COMP 306: Data Mining (formerly numbered 300)¶
This course covers the theory and practice of extremely large information storage (warehousing) and analysis (mining) mechanisms. With data growing at exponential rates knowledge gathering and exploration techniques are essential for gaining useful intelligence.
COMP 251: Introduction to Database Systems or COMP 271: Data Structures I and STAT 103: Fundamentals of Statistics or STAT 203: Statistics or ISSCM 241: Business Statistics or PSYC 304: Statistics or instructor permission.

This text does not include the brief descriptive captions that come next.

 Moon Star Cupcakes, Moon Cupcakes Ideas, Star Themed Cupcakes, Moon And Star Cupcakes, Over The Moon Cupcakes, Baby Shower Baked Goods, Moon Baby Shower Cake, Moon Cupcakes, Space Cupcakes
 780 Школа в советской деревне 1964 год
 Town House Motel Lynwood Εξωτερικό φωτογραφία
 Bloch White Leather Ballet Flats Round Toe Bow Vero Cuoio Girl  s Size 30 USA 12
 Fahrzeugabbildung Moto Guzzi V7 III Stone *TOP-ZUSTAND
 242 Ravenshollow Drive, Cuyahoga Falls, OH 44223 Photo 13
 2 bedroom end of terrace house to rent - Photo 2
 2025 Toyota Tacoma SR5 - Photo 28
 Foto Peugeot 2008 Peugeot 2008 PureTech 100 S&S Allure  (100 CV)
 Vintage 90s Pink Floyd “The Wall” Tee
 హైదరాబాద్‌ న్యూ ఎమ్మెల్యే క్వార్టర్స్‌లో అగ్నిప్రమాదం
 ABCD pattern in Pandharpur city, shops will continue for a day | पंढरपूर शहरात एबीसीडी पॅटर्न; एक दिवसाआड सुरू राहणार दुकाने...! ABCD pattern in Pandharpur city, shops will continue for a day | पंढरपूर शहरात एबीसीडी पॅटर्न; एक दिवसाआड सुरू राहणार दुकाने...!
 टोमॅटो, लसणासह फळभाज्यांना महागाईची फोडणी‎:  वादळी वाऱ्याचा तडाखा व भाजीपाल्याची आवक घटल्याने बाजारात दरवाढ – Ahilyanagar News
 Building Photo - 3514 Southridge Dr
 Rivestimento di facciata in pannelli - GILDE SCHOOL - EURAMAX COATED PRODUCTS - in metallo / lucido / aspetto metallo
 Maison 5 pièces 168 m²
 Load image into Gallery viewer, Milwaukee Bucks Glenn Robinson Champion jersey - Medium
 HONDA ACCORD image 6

Data warehousing and data mining are two major areas of exploration for knowledge discovery in databases. These topics have gained great relevance especially in the 1990s and early 2000s with web data growing at an exponential rate. As more data is collected by businesses and scientific institutions alike, knowledge exploration techniques are needed to gain useful business intelligence. This course will cover a wide spectrum of industry-standard techniques using widely available databases and tools packages for knowledge discovery.
Data mining is for relatively unstructured data for which more sophisticated techniques are needed. The course aims to cover powerful data mining techniques including clustering, association rules, and classification. It then teaches high volume data processing mechanisms by building warehouse schemas such as snowflakes, and star. OLAP query retrieval techniques are also introduced.
Students will be able to define and critically analyze data warehouse and mining approaches for fields such as security, forensics, privacy, and marketing.